Book Review: A Worldly Country | Books & Authors | Hudson Valley | Chronogram Magazine

Ecco, February 2007, $23.95
In his book of essays, Other Traditions (2000), John Ashbery speculates that he had been given the Charles Eliot Norton chair at Harvard because people secretly hoped he would finally explain his poetry: “There seems to be a feeling in the academic world that there’s something interesting about my poetry, though little agreement as to its ultimate worth and considerable confusion about what, if anything, it means.”

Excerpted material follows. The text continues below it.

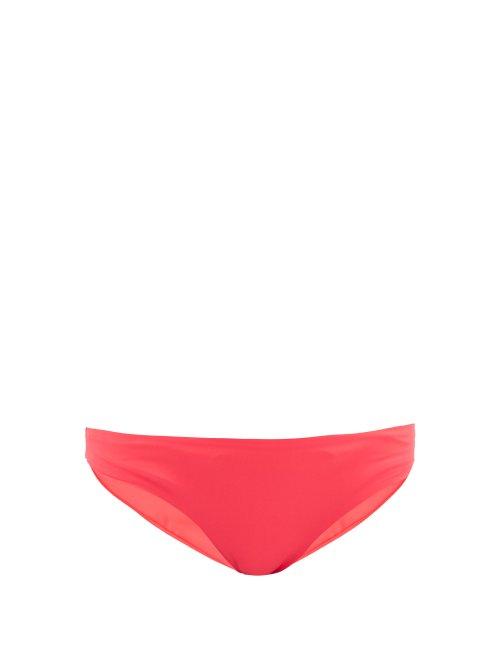Matchesfashion.com Jade Swim - Lure Low Rise Bikini Briefs - Womens - Pink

Despite his reluctance to explicate his work, he does go on to say something about what poetry means to him: “For me, poetry has its beginnings and endings outside thought. Thought is certainly involved in the process. In fact, there are times when my work seems to me to be merely a recording of my thought processes without regard to what they are thinking about. If this is true, then I would also like to acknowledge my intention of somehow turning these processes into poetic objects.”

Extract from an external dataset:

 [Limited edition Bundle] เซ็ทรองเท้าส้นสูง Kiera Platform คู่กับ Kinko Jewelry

Note that it is not Ashbery, but the processes that are doing the thinking. The poems in his 26th collection, A Worldly Country, are dazzling thinking machines. Deeply attentive to sound, the poems are playfully formal (the title poem rhymes “hovel” with “novel”; “Tweety Bird” with “occurred”). If they were music, they’d be jazz—improvisational, witty, whimsical, and uniquely American.
Like many of his compatriots from the New York School, Ashbery’s poems are more concerned with tone than they are with subject, but the shifty nature of both forms a kind of theme. And like the country we live in, the poems in this collection are constantly reinventing themselves. Ashbery’s mind is manic the way cities are: flashing with slogans, full of crushed dreams and the unlikely beauty found in visual irony. If you’ve ever watched a baby’s face for any period of time, you know how quickly human mood can shift when not filtered through the self-consciousness of identity. The poems in this beguiling collection, while formal and full of urban sophistication, capture that lack of attachment. This prism of moodiness is evident in poems like “America the Lovely”:

If it’s loveliness you want, here, take some,
hissed the black fairy. Waiting for the string quartet,
on the corner, denatured I wondered what the heck.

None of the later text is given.